> Instructions for the task
Find the line that holds "Panvel-Karjat Local Train", then repeat it and each line below it word for word through the end of the listing, leaving out pictures.

*** Provided data ***

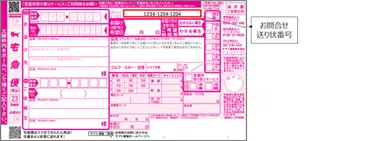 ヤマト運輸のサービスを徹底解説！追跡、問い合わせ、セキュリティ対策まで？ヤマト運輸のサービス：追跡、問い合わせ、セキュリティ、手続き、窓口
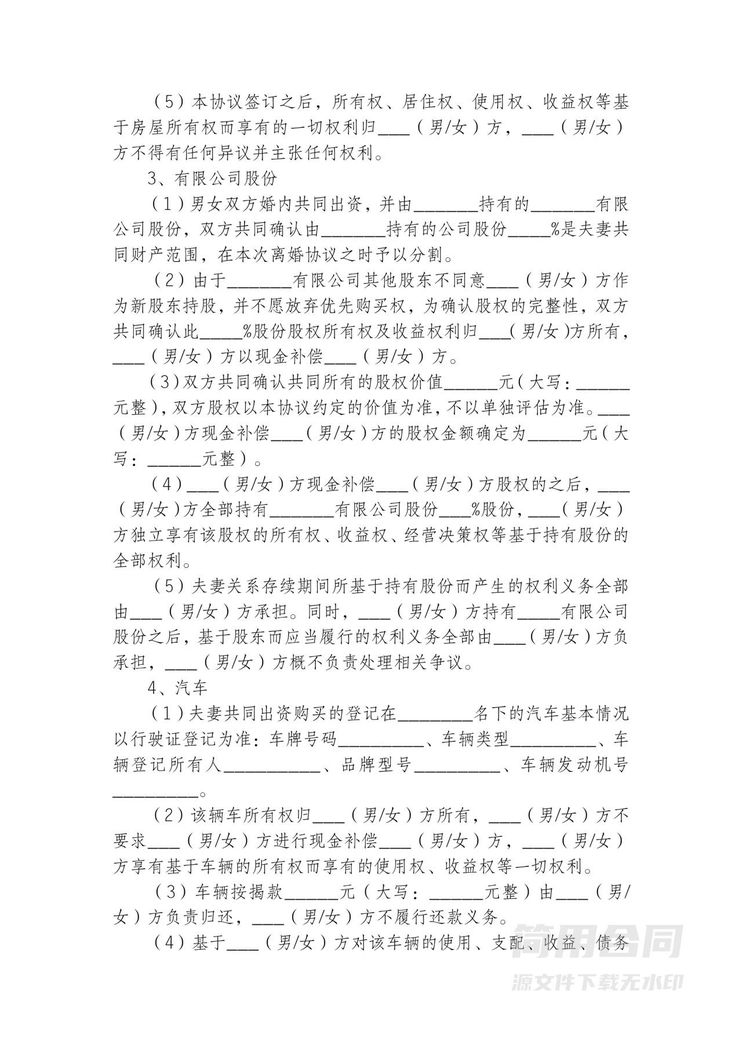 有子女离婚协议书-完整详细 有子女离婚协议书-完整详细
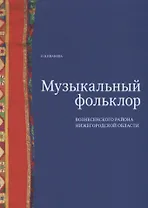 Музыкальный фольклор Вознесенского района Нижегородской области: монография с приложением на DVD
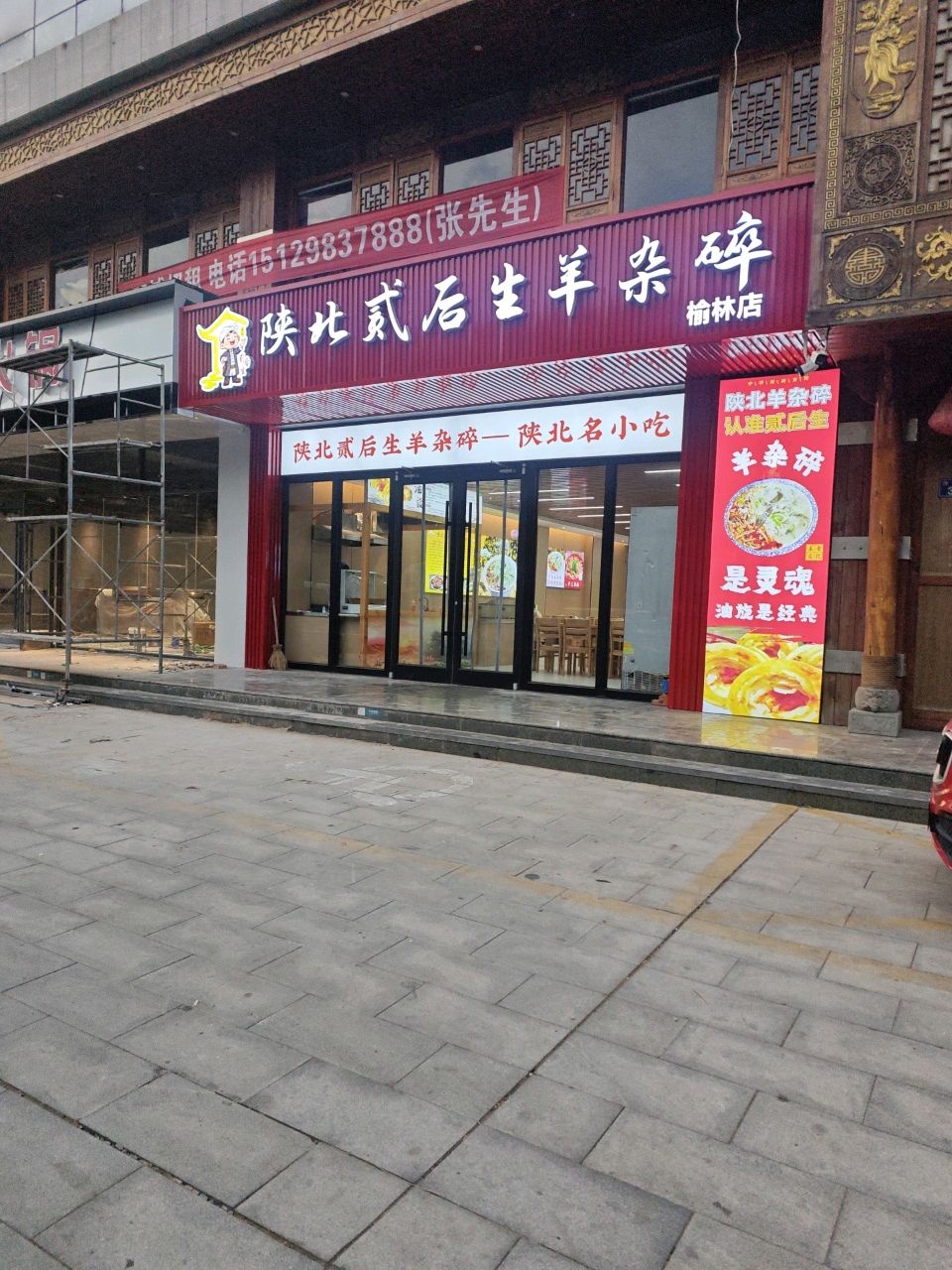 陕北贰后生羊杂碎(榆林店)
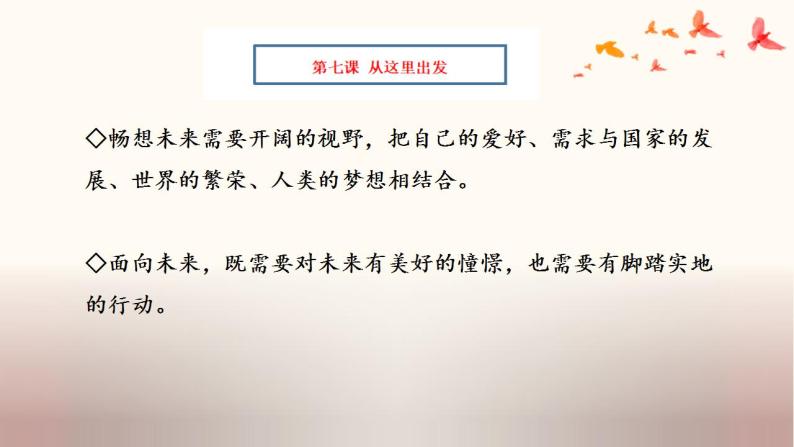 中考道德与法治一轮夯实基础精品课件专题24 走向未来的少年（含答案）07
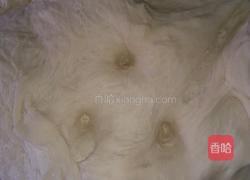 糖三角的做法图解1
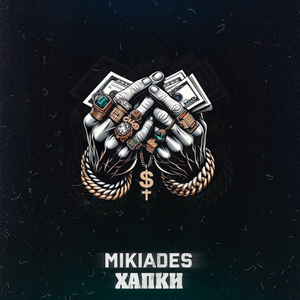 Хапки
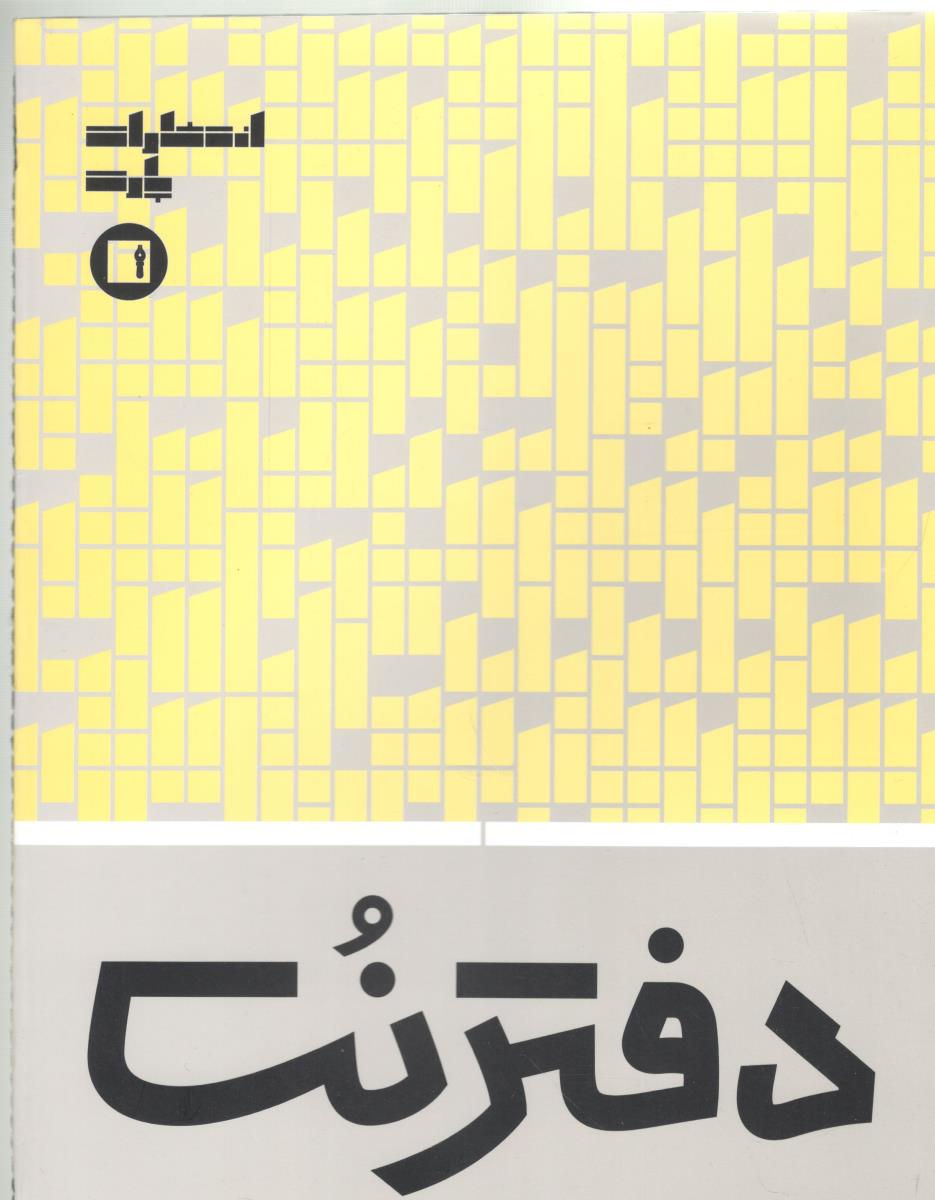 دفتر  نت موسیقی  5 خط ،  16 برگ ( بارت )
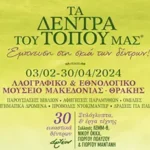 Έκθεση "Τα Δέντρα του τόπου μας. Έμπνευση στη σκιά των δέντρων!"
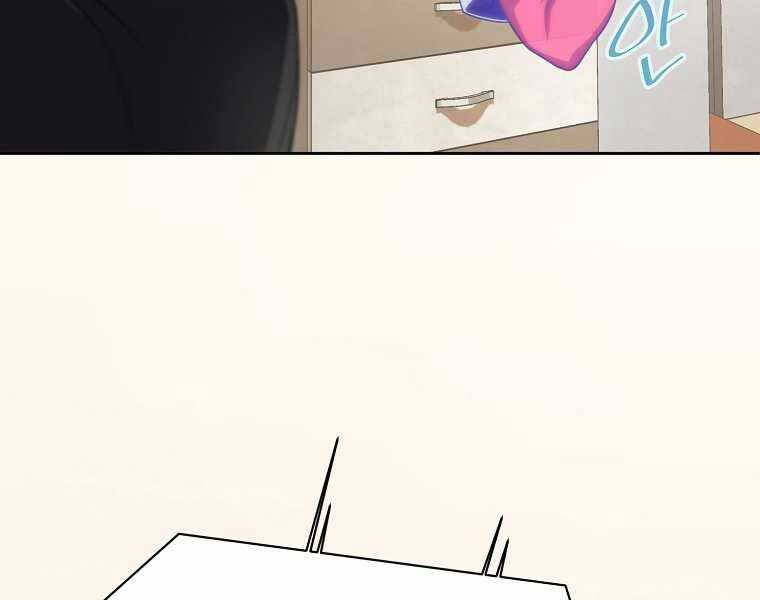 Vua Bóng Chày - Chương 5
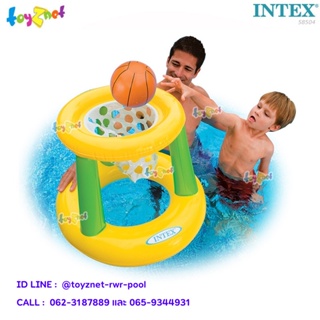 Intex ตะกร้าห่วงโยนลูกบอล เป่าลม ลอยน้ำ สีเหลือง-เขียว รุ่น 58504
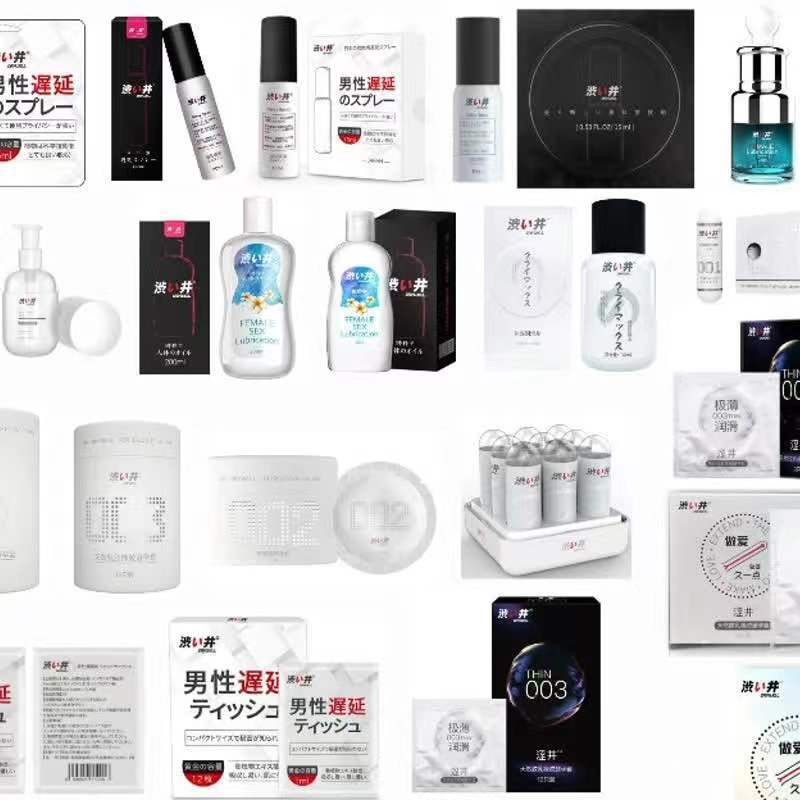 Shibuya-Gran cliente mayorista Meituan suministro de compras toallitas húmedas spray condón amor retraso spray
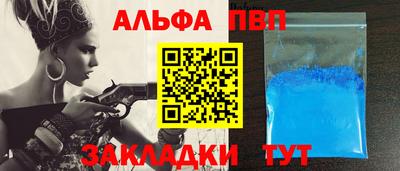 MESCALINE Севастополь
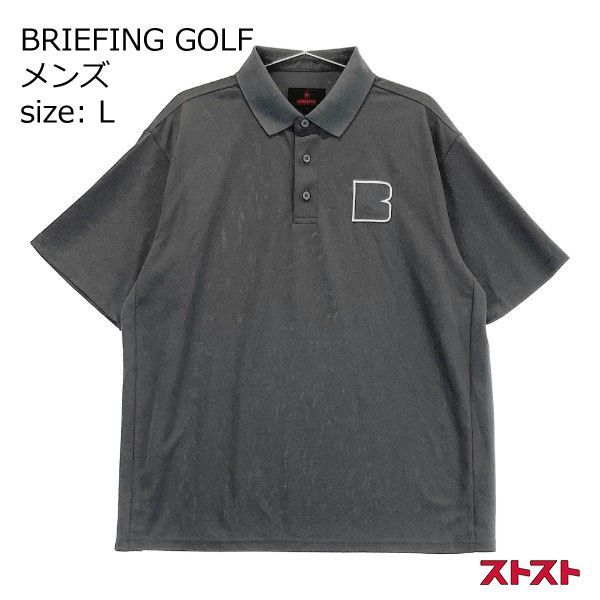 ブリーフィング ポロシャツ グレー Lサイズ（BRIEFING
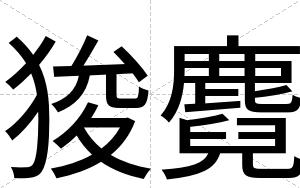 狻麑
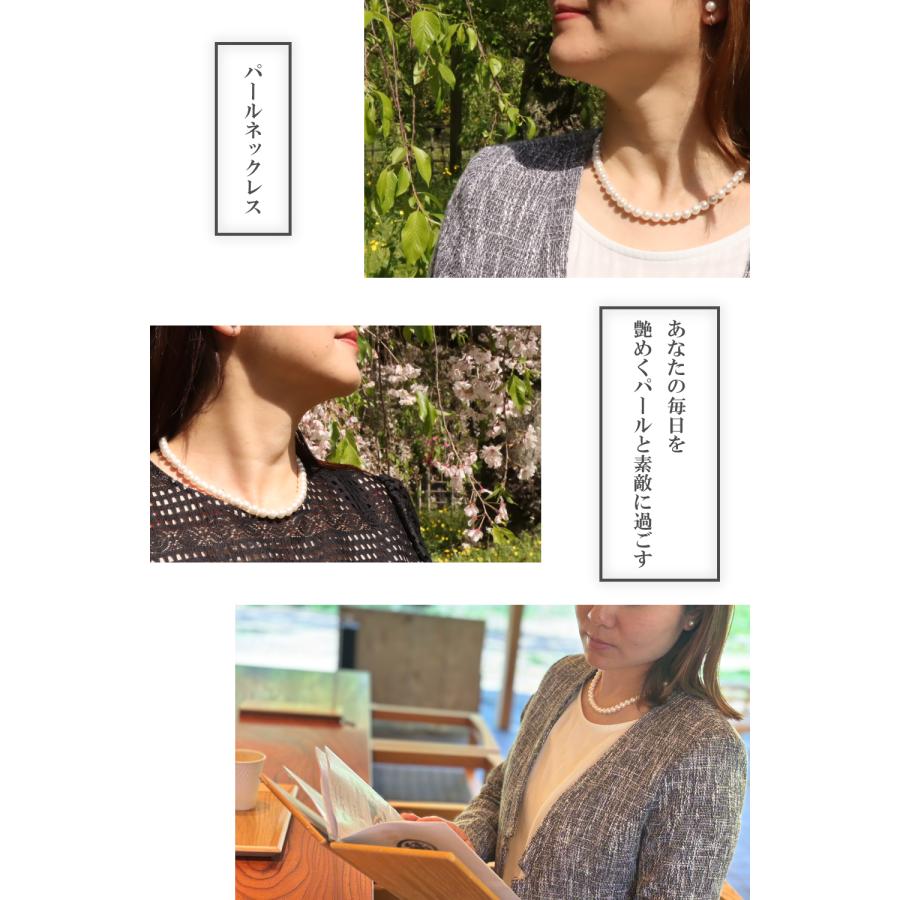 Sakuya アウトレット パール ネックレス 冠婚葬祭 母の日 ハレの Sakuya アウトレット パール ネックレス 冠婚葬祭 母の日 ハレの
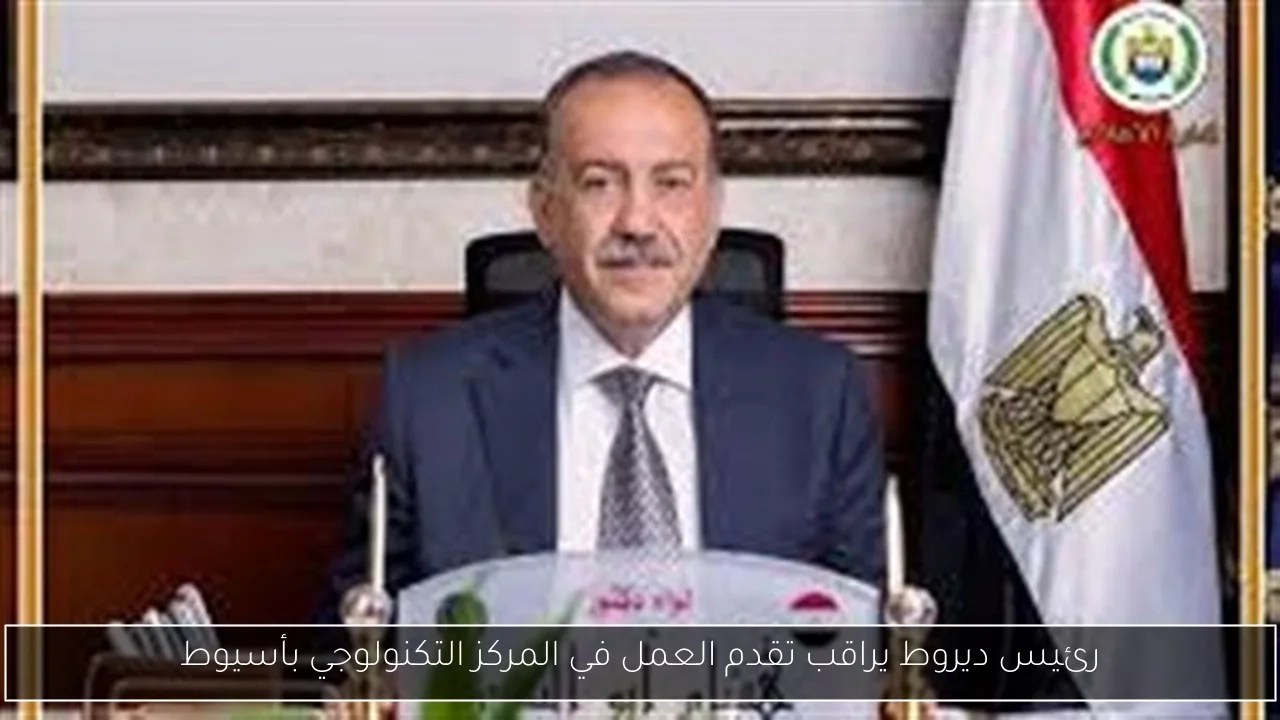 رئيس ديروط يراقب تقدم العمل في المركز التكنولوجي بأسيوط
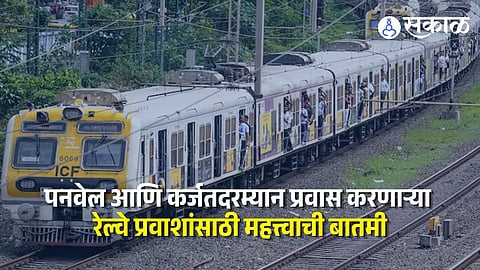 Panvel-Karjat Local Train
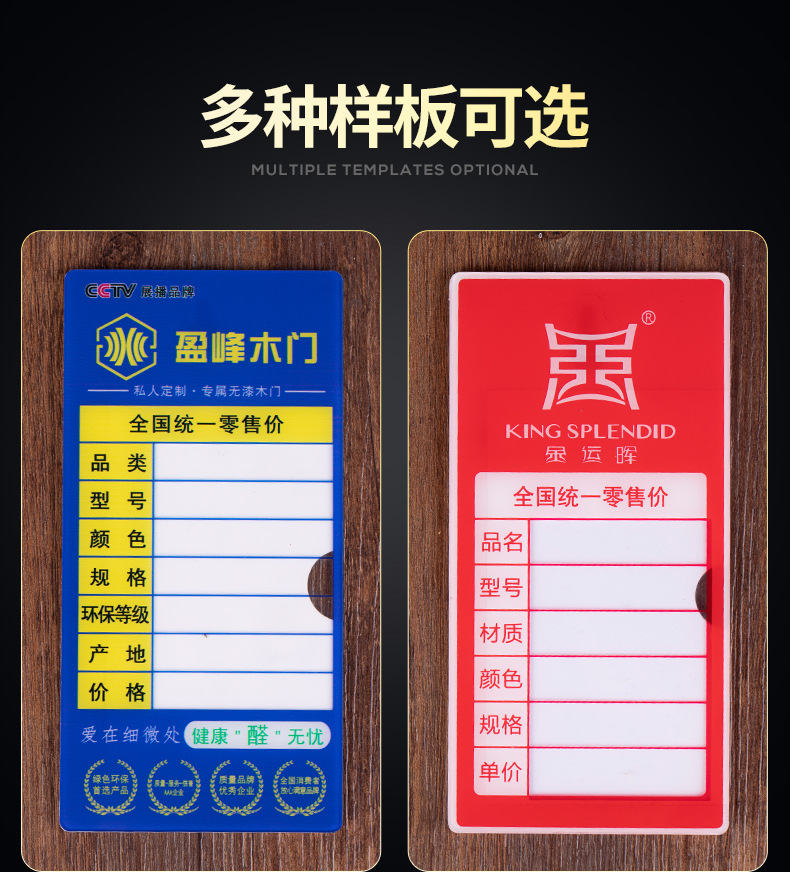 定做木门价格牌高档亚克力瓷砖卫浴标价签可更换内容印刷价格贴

*** End of Provided data ***

> Solution for this exercise
 Panvel-Karjat Local Train
 定做木门价格牌高档亚克力瓷砖卫浴标价签可更换内容印刷价格贴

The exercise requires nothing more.